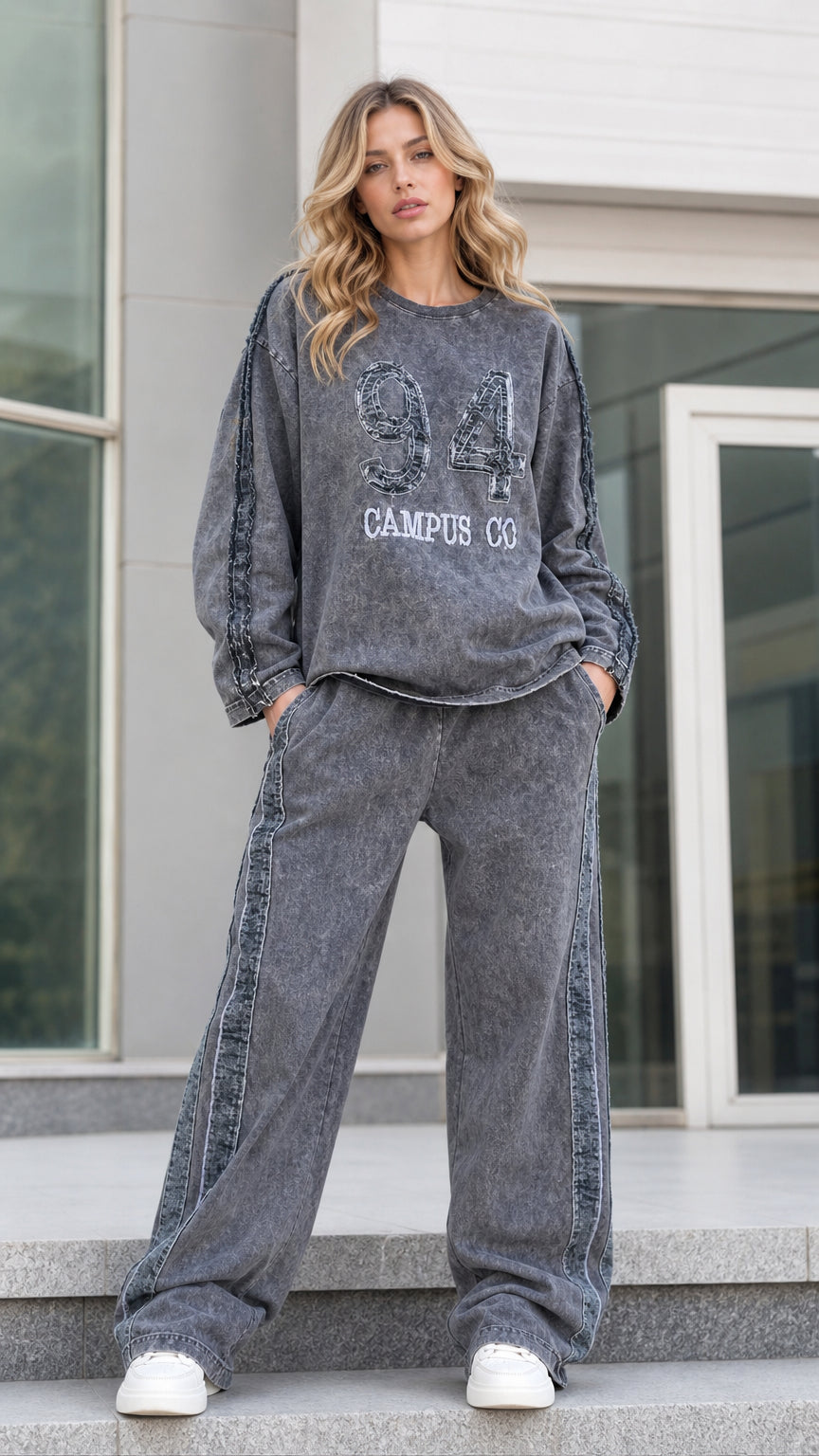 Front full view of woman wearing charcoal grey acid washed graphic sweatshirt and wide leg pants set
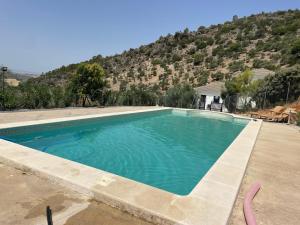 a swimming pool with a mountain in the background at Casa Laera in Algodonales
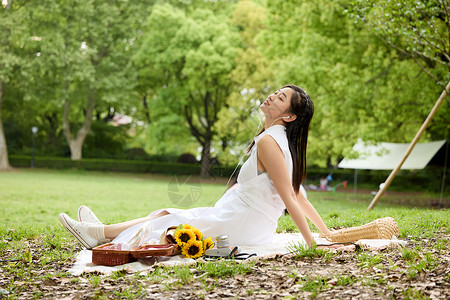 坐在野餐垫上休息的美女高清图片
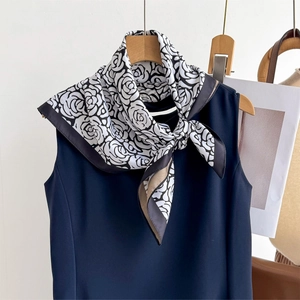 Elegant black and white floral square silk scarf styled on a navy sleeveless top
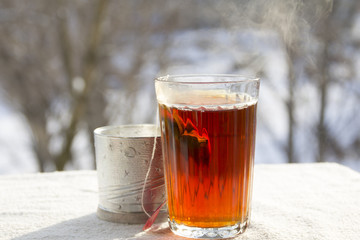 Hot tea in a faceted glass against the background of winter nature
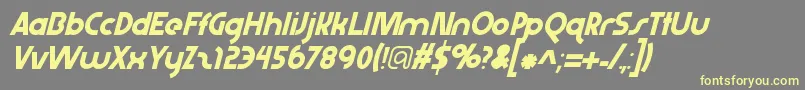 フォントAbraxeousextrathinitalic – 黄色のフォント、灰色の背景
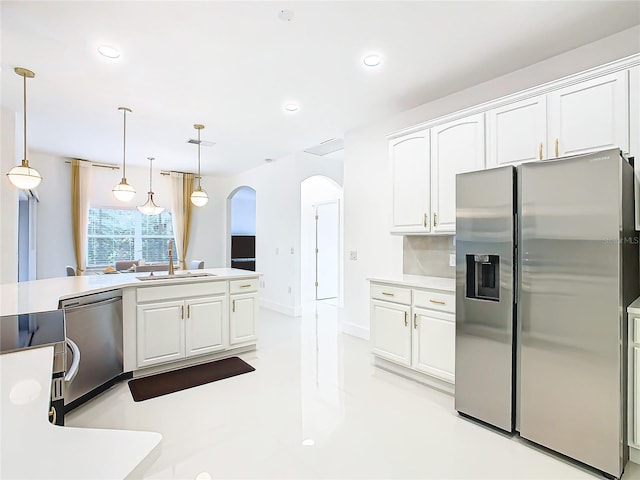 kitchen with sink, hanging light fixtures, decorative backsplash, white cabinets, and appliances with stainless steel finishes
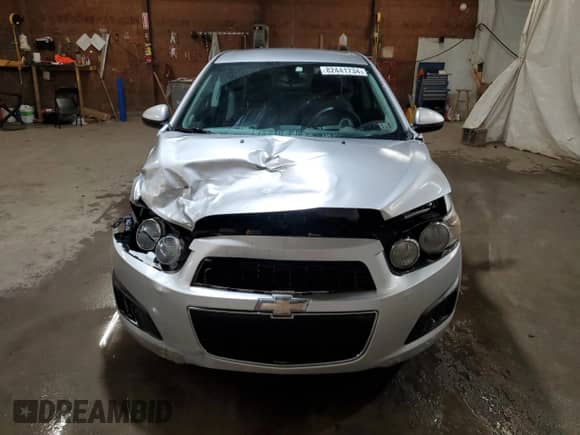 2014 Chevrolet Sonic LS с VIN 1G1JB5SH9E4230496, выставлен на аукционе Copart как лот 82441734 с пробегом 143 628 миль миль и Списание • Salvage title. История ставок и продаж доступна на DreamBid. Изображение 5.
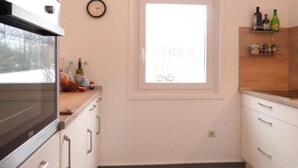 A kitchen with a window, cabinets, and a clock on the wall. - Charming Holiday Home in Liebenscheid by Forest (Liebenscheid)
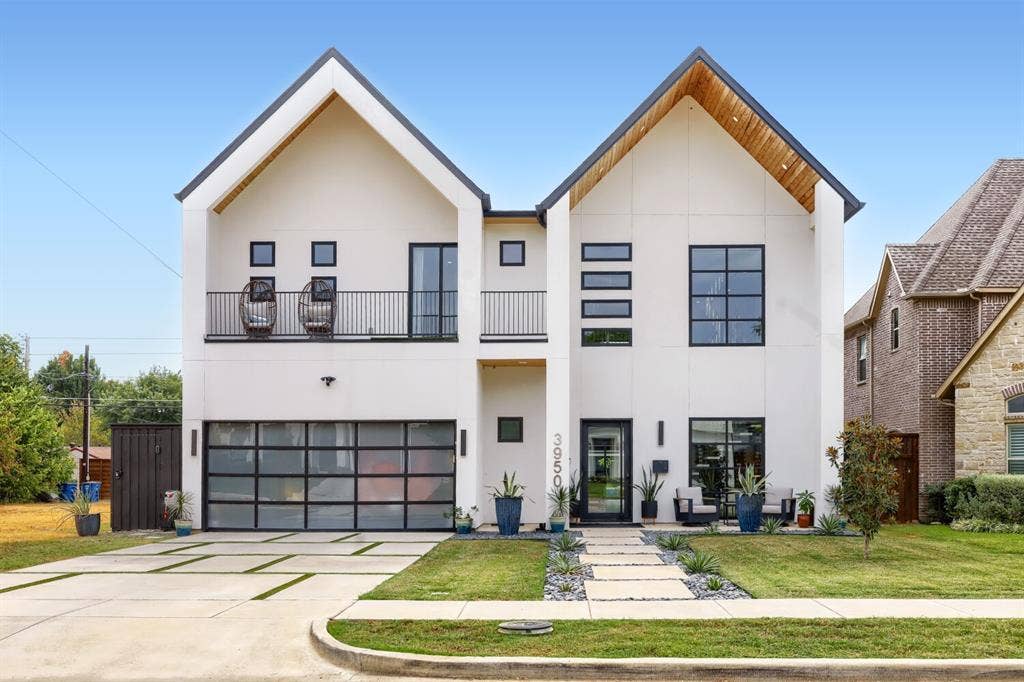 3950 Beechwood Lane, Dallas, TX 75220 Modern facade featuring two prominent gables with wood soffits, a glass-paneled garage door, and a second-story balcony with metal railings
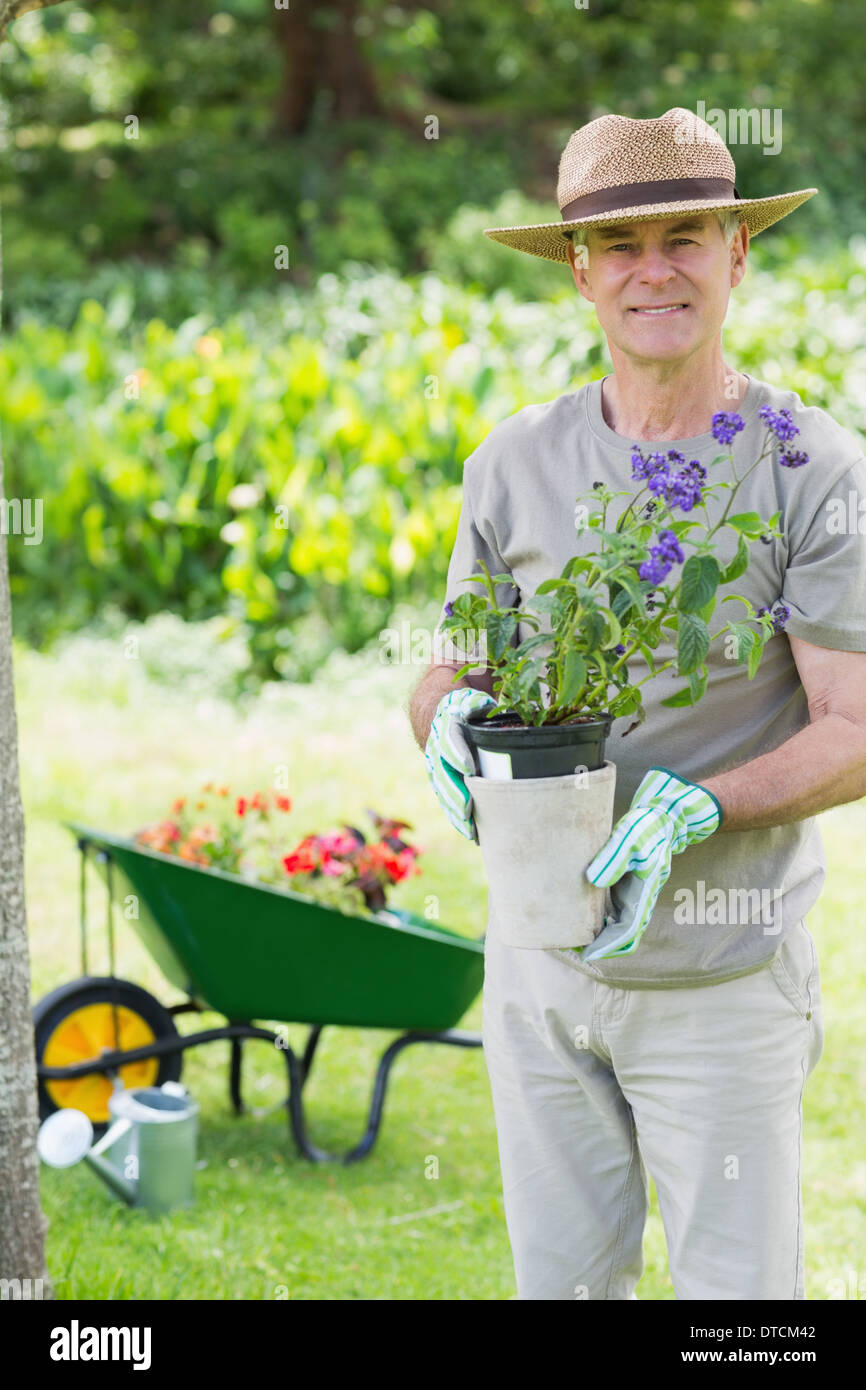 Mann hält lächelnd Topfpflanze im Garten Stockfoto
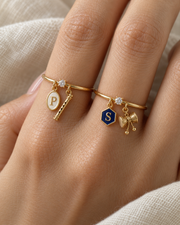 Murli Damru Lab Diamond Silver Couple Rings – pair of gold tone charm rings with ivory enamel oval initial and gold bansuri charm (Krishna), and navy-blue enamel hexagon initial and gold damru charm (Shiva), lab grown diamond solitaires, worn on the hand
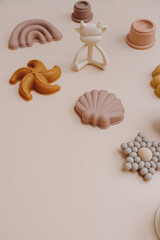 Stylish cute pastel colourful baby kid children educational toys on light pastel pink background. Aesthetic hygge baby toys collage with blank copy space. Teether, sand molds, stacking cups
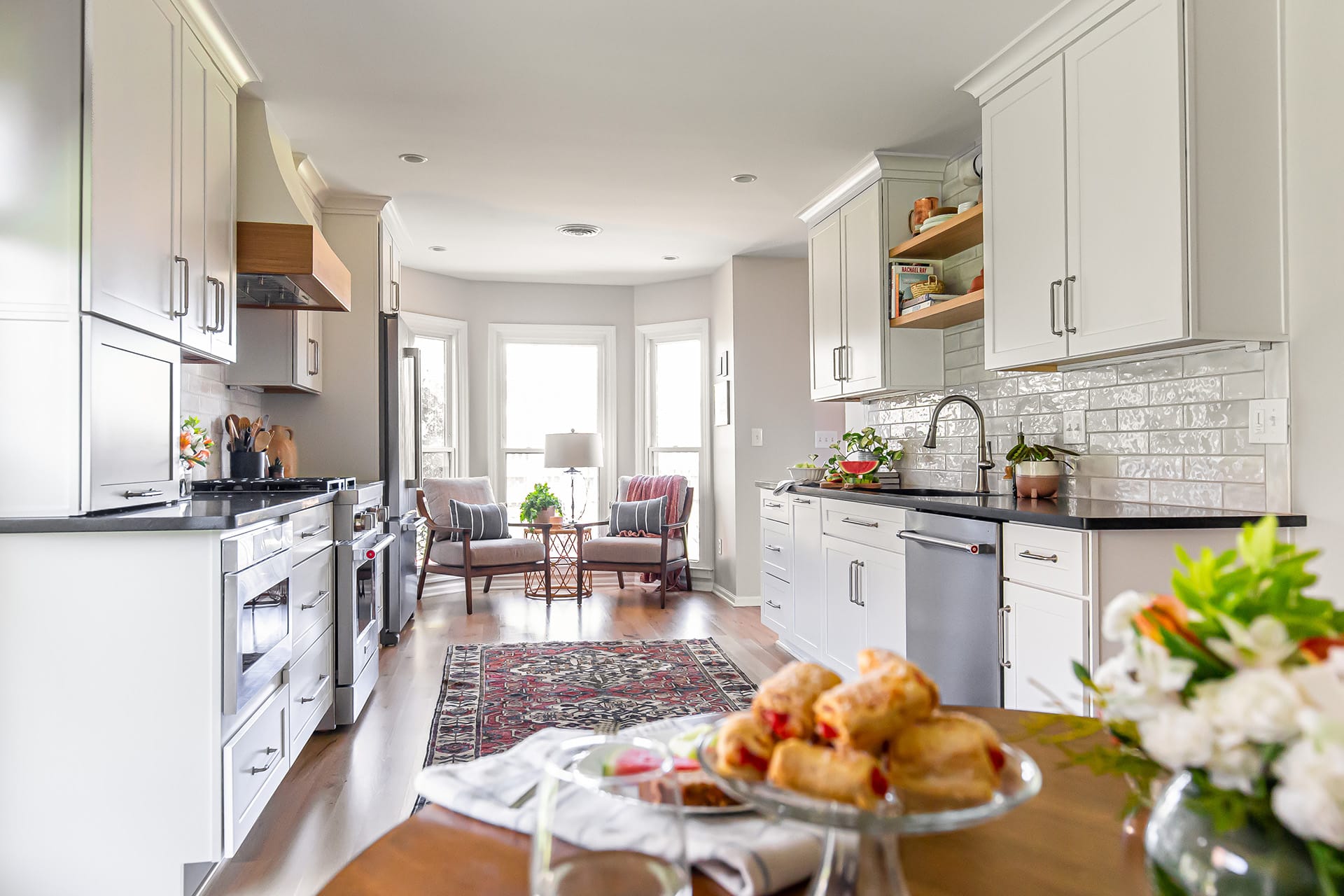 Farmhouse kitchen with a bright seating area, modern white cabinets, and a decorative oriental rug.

TASK TO COMPLETE
With the pictures removed, write out exactly the lines from the line containing "kitchen with sink, hanging" through the last line of the material above, both included.

YOUR RESPONSE
 kitchen with sink, hanging light fixtures, decorative backsplash, white cabinets, and appliances with stainless steel finishes
 2014 Chevrolet Sonic LS с VIN 1G1JB5SH9E4230496, выставлен на аукционе Copart как лот 82441734 с пробегом 143 628 миль миль и Списание • Salvage title. История ставок и продаж доступна на DreamBid. Изображение 5.
 A kitchen with a window, cabinets, and a clock on the wall. - Charming Holiday Home in Liebenscheid by Forest (Liebenscheid)
 3950 Beechwood Lane, Dallas, TX 75220 Modern facade featuring two prominent gables with wood soffits, a glass-paneled garage door, and a second-story balcony with metal railings
 Mann hält lächelnd Topfpflanze im Garten Stockfoto
 Murli Damru Lab Diamond Silver Couple Rings – pair of gold tone charm rings with ivory enamel oval initial and gold bansuri charm (Krishna), and navy-blue enamel hexagon initial and gold damru charm (Shiva), lab grown diamond solitaires, worn on the hand
 Stylish cute pastel colourful baby kid children educational toys on light pastel pink background. Aesthetic hygge baby toys collage with blank copy space. Teether, sand molds, stacking cups
 Farmhouse kitchen with a bright seating area, modern white cabinets, and a decorative oriental rug.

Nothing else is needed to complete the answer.